No pictures are to be included when the entries below are reproduced exactly.
[Start of section]
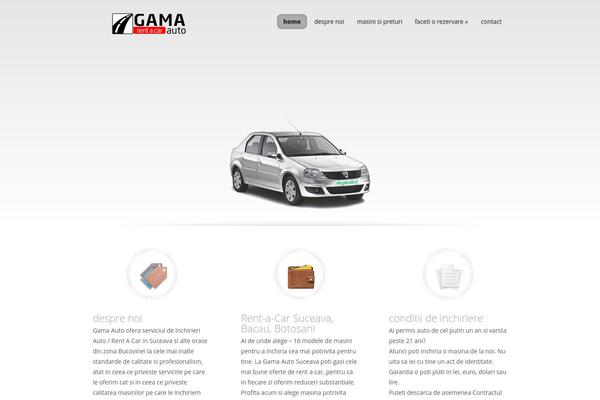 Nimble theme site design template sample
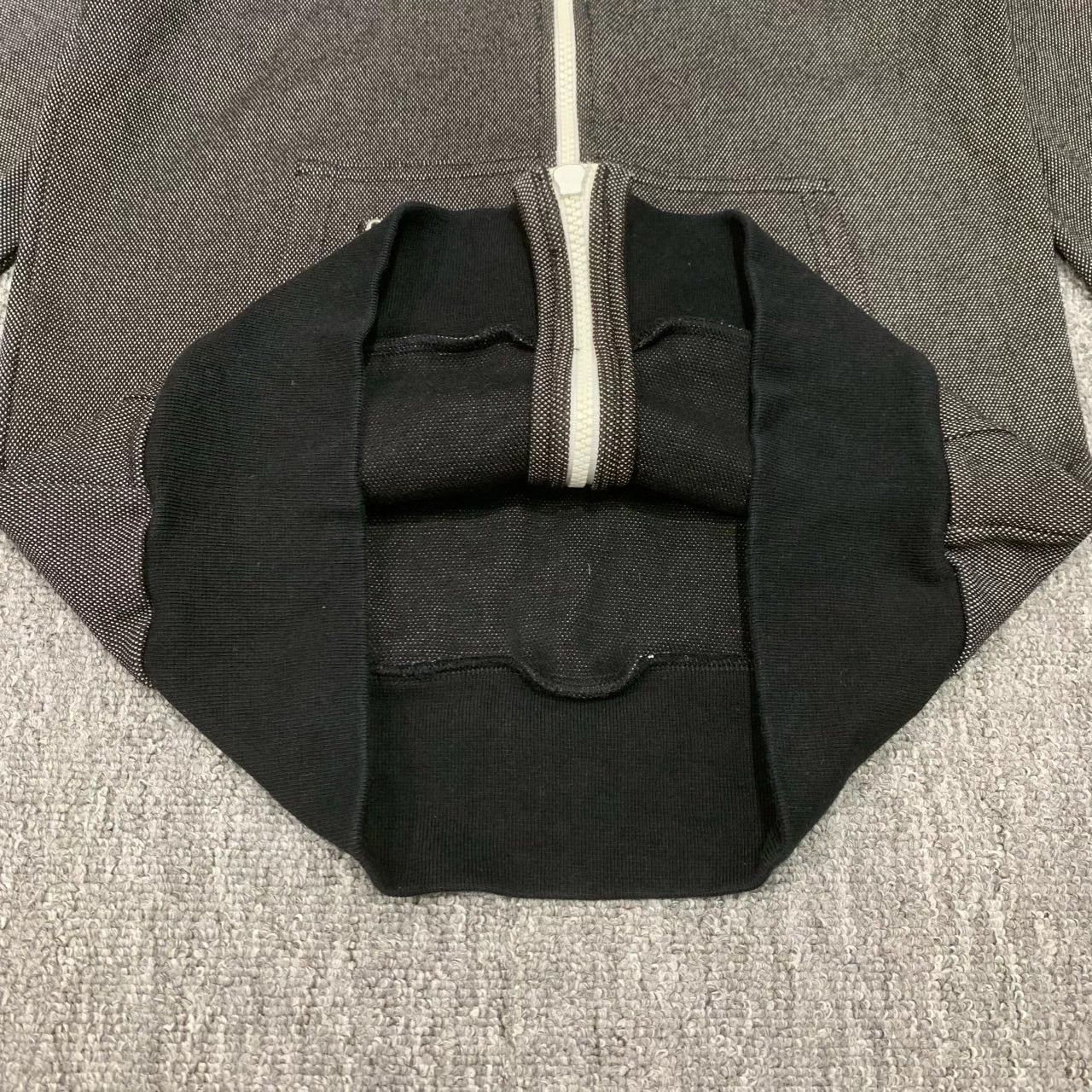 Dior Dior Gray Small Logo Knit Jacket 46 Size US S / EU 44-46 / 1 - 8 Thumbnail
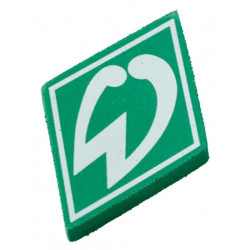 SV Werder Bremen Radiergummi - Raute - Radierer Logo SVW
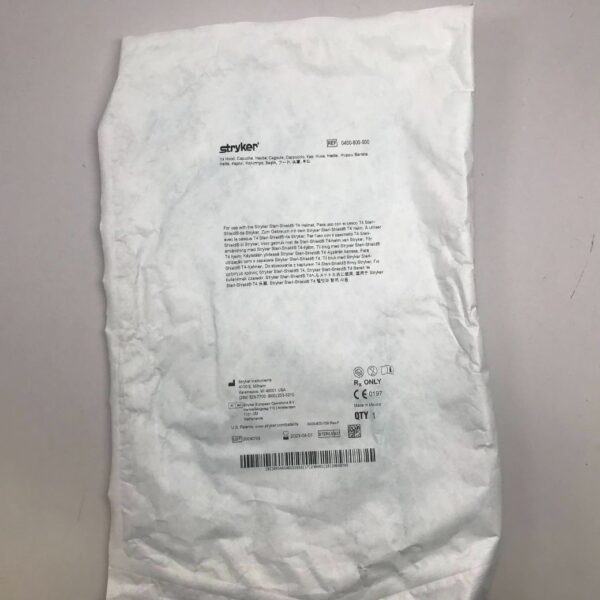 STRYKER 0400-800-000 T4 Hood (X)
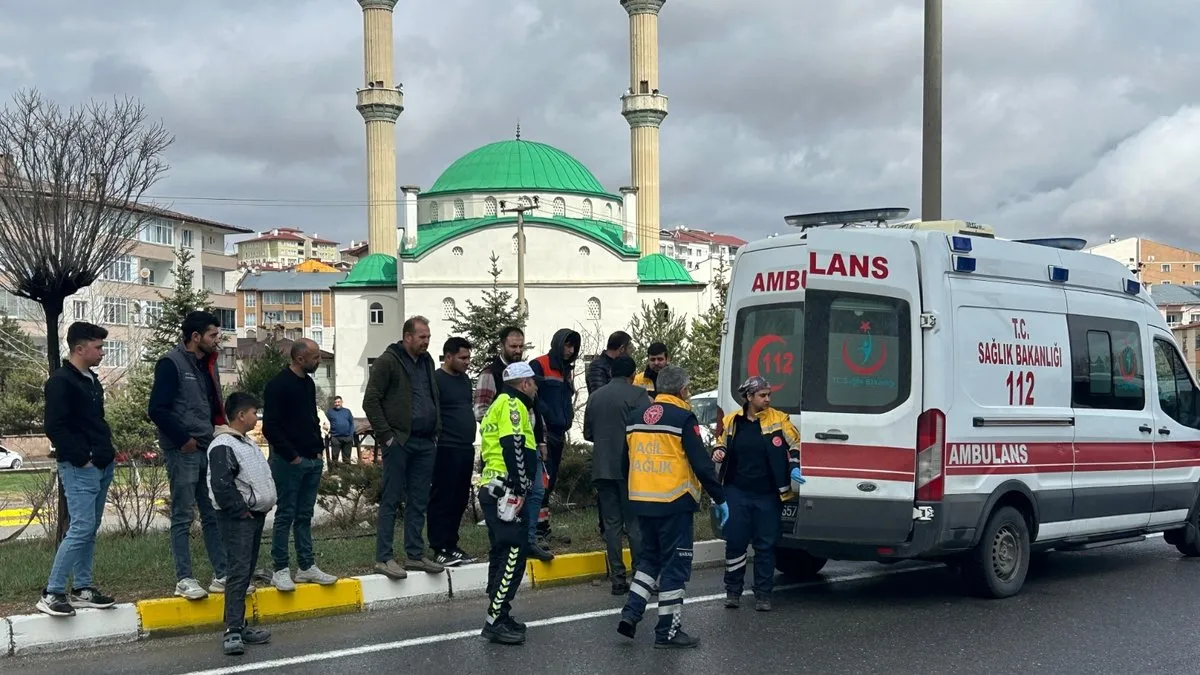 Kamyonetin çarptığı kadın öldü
[End of section]
**Response to the exercise**
 Nimble theme site design template sample
 Dior Dior Gray Small Logo Knit Jacket 46 Size US S / EU 44-46 / 1 - 8 Thumbnail
 SV Werder Bremen Radiergummi - Raute - Radierer Logo SVW
 STRYKER 0400-800-000 T4 Hood (X)
 Kamyonetin çarptığı kadın öldü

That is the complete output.